Required work: Using the entries below, output each line exactly from the first through the one that contains "image-02-06-25-01-28-2".

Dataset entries
※
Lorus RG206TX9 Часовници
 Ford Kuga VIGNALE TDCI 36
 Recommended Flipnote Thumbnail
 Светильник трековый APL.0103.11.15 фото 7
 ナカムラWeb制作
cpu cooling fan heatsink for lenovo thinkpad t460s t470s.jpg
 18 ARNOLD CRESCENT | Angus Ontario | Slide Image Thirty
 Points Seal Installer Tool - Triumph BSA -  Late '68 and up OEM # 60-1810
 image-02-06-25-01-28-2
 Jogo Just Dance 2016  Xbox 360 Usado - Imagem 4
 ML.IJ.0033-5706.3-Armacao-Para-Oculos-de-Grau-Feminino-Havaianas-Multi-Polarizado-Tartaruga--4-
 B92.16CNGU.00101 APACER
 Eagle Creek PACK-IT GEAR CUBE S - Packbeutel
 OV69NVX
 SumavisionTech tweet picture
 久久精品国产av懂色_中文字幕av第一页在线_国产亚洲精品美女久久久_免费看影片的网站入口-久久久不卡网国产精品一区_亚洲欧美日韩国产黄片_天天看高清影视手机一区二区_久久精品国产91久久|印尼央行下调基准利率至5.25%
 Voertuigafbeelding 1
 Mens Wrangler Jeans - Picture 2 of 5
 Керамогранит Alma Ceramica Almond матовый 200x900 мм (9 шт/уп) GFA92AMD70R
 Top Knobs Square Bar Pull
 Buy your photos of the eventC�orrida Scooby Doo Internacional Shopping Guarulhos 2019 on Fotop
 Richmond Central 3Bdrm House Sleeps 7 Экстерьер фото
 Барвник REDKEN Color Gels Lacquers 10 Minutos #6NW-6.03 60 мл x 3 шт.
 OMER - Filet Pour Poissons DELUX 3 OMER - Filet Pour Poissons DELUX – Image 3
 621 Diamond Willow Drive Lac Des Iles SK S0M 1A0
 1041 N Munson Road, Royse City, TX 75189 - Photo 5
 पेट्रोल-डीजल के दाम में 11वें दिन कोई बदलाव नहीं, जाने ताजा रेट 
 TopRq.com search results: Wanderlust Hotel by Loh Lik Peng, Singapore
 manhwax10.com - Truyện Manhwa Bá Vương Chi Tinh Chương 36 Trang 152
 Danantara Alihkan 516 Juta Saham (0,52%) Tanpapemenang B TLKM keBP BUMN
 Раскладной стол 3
※
Reply:
Lorus RG206TX9 Часовници
 Ford Kuga VIGNALE TDCI 36
 Recommended Flipnote Thumbnail
 Светильник трековый APL.0103.11.15 фото 7
 ナカムラWeb制作
cpu cooling fan heatsink for lenovo thinkpad t460s t470s.jpg
 18 ARNOLD CRESCENT | Angus Ontario | Slide Image Thirty
 Points Seal Installer Tool - Triumph BSA -  Late '68 and up OEM # 60-1810
 image-02-06-25-01-28-2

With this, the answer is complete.